By 1945, as the war, and the Manhattan Project, were headed to the end, the VENONA codebreakers had transcribed over 200,000 messages. With Germany and Japan on the brink of defeat, reading the Soviet messages now had the top priority, with over 500 working on them (this was when Bill Weisband, who would betray VENONA, was hired as a Russian linguist). As yet none of the atomic spies had been revealed (and another now came into the picture- George Koval, who was hired to work at the secret lab in Dayton, Ohio where the “initiator” for the implosion Bomb was being developed).

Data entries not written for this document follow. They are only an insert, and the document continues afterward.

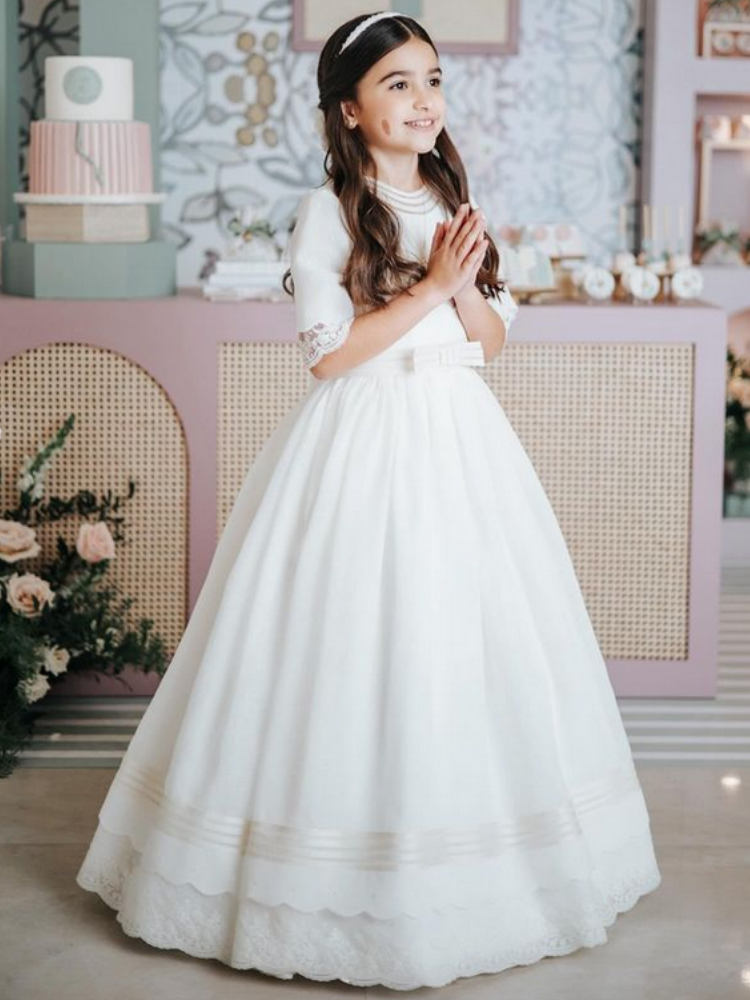 フラワーガールドレス ホワイト サテン レース アップリケ 弓付き 半袖 結婚式 誕生日パーティー 宴会 プリンセスドレス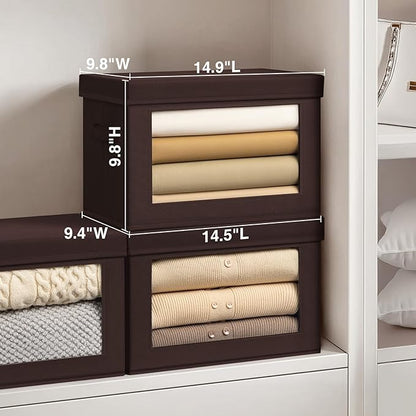 Homsorout Brown Fabric Storage Bins with Lids - 6 Pack Modern Lidded-Home Storage Bins, 14 Inch. - Perfect for Clothes, Books, CD, Office Supplies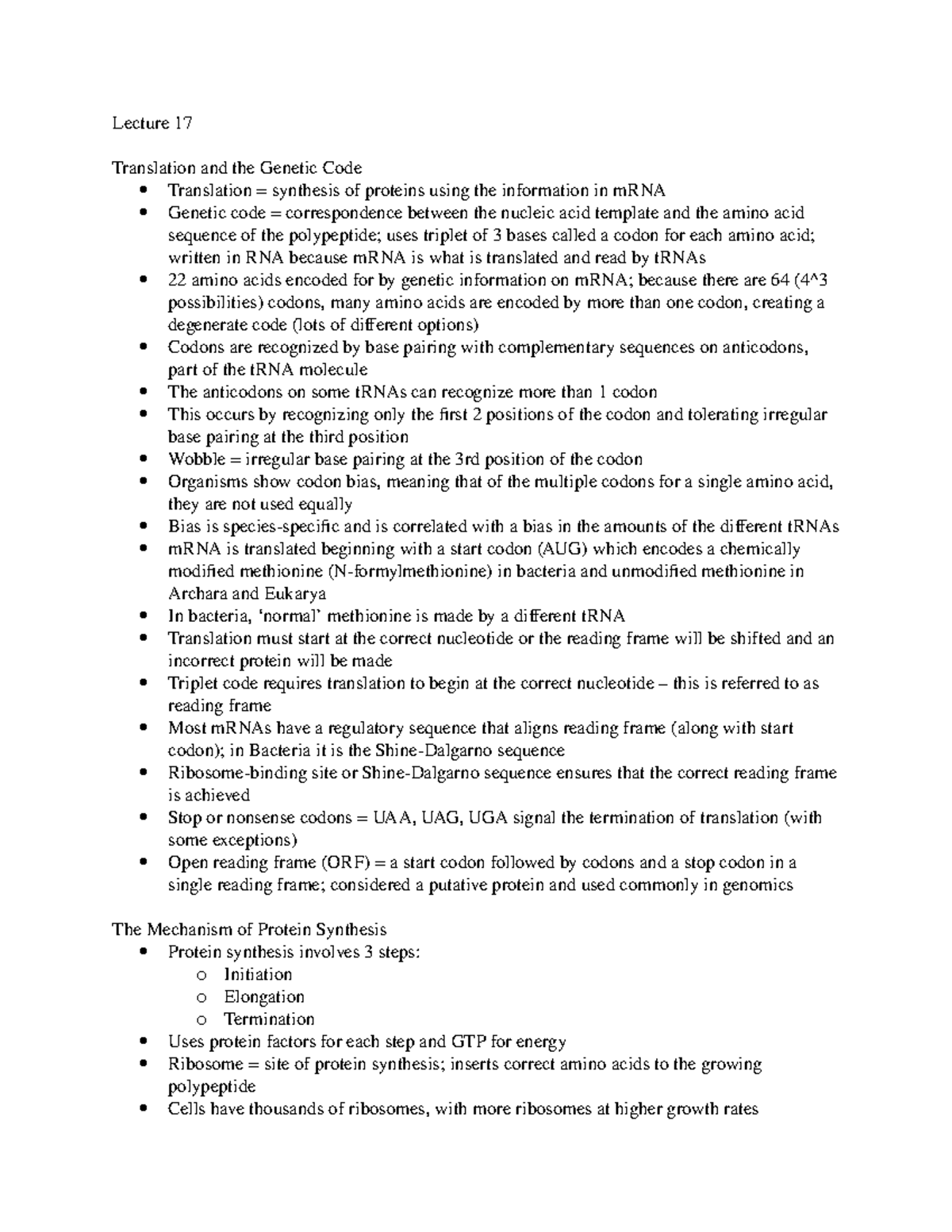 Chapter 4 Notes - Lecture 17 Translation and the Genetic Code ...
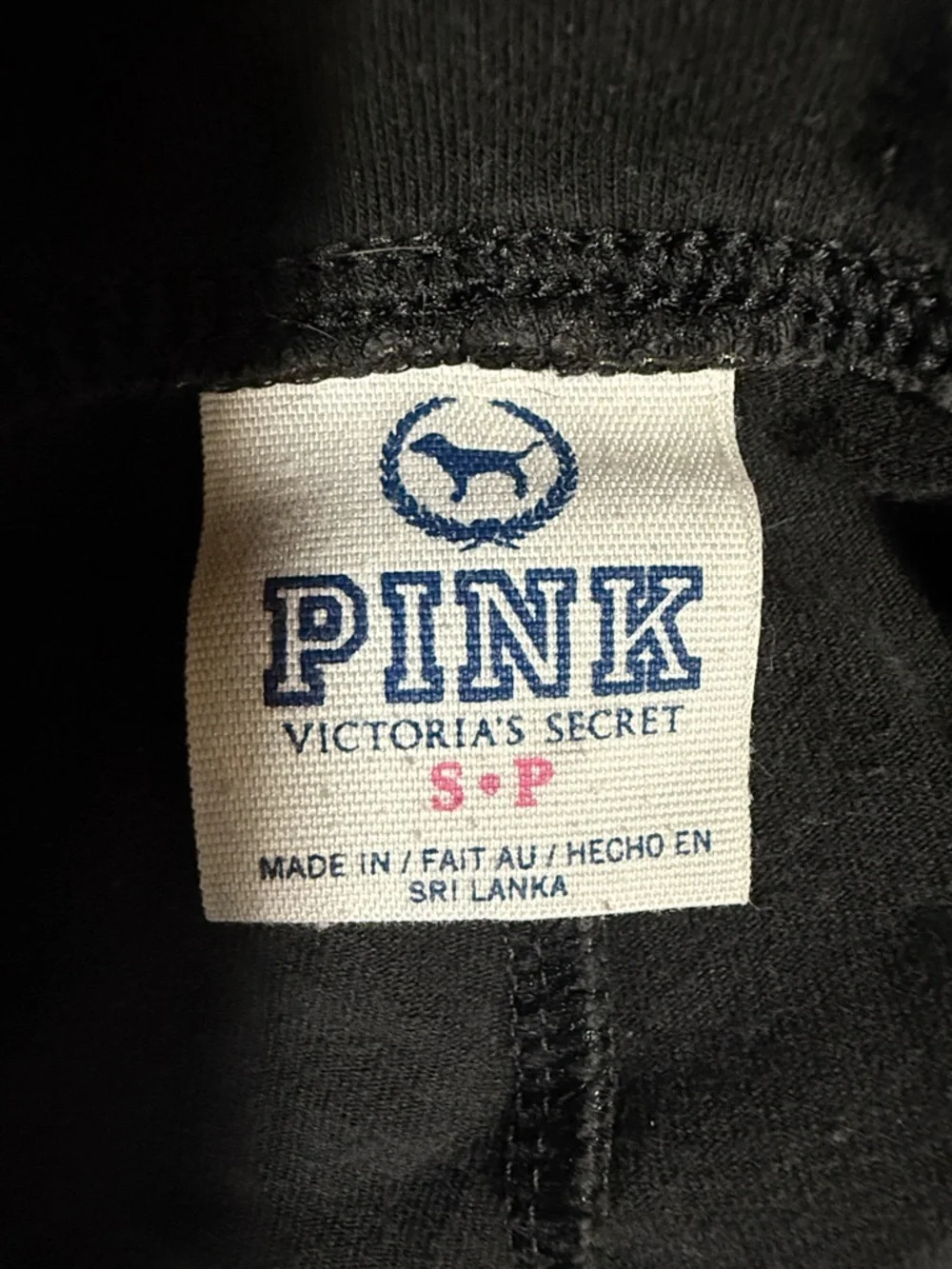 PINK Victoria's Secret Black Fold-Over Leggings with Purple Sequin Logo - Picture 2 of 3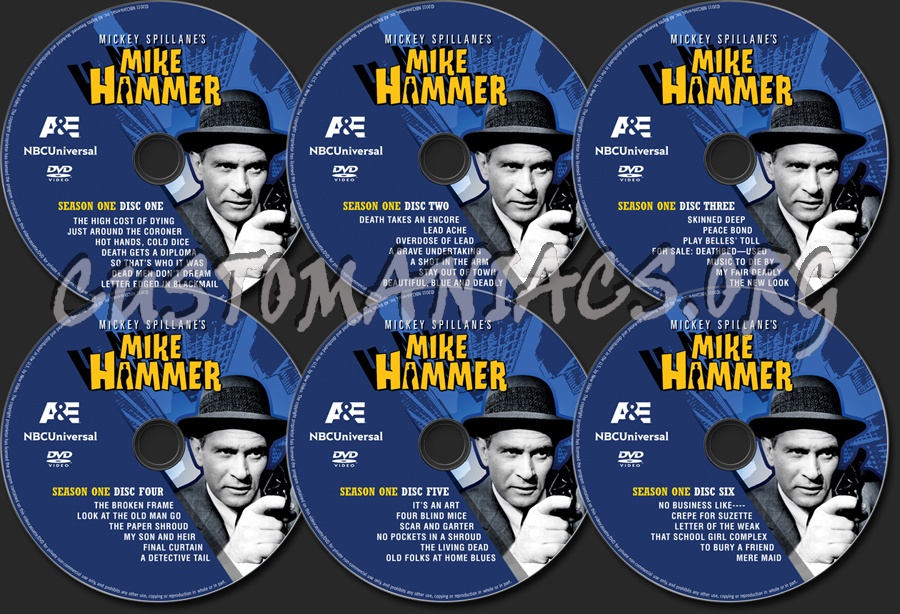 Mike Hammer Season 1 dvd label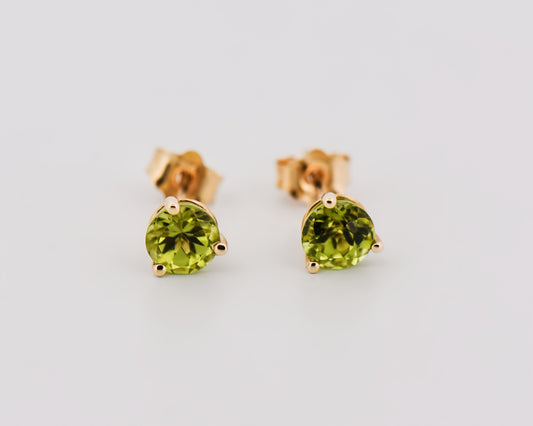 Peridot Martini Studs in Yellow Gold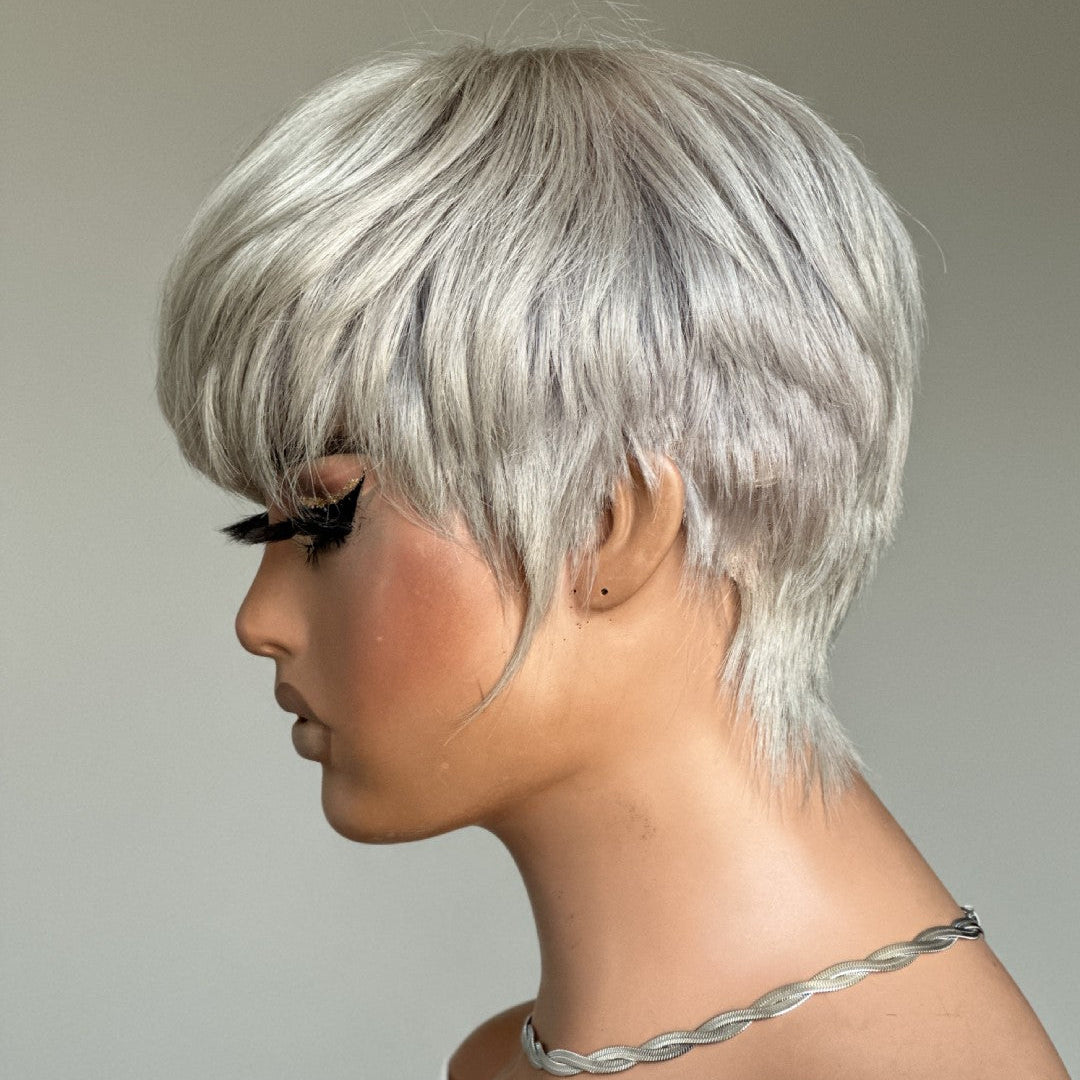 Ash Grey Layered Pixie Cut Glueless Human Hair Wig With Bangs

In July, Fuchs was present when the world’s first Bomb was tested in New Mexico (the Trinity Test, memorably portrayed in “Oppenheimer”). Truman, when told of its success, hinted vaguely in person to Stalin about possessing a new powerful weapon. As I covered in the first part, it took the actual devastating use of that weapon (at Hiroshima on Aug. 6, and Nagasaki on the 9th), followed in days by Japan’s surrender, to alert Stalin to the true ominous significance of the Atomic Age (and of America’s monopoly of the weapon!). At that point the dictator effectively launched the Soviet equivalent of the Manhattan Project- an all-out, no-expense-spared race to catch up. That project would need every scrap of technological information possible from Fuchs, Hall, and the other atomic spies. The Americans publicly handed the Soviets some useful information when they issued the Smyth Report, the unclassified history of the Manhattan Project, right after Nagasaki.

But, by 1947 on, with the Cold War begun and the first spies revealed (thanks to defectors Gouzenko and Bentley), there was another accelerating race- that of the American codebreakers at Arlington Hall, to break into the Soviet messages, and then to match codenames to specific individuals.

By then, much had happened to the atomic spies. The spies of the Canadian network (most importantly Alan Nunn May), thanks to Gouzenko, had been rounded up. Greenglass had left the Army, to run a small machine shop in New York. As for Fuchs, the British were still so unaware of Fuchs’s espionage that they recruited him for their own Bomb project- flying him in June 1946 right to their secret research lab at Harwell outside Oxford! Hall, not yet 21 (!), left Los Alamos soon after- to work on a doctoral degree at the University of Chicago (where he met his wife. Similarly, George Koval left the Army and earned a degree in electrical engineering at City College of New York (before leaving for the USSR). Julius Rosenberg, also in New York, was now working for a defense contractor (Emerson Radio). Harry Gold, Fuchs’s courier, had been dropped by the Soviets in 1946 for a security breach.

Meredith Gardner, VENONA's linguistic prodigy & most prominent codebreaker (Wikipedia)

“Peacetime” life for most of these spies would be upended when Meredith Gardner’s VENONA report alerted the FBI that broad espionage had been going on (Sept. 1947). In June 1948, the first major Cold War confrontation began, when Stalin abruptly cut all land access to West Berlin (the half of the city, well within Soviet-run eastern Germany, which was controlled by the three Western Allies- the U.S., Britain, and France)- hoping, without using military force, to push his former allies out. In response, the Americans and British began an extraordinary, and successful, effort to supply West Berlin with fuel and food (the Berlin Airlift).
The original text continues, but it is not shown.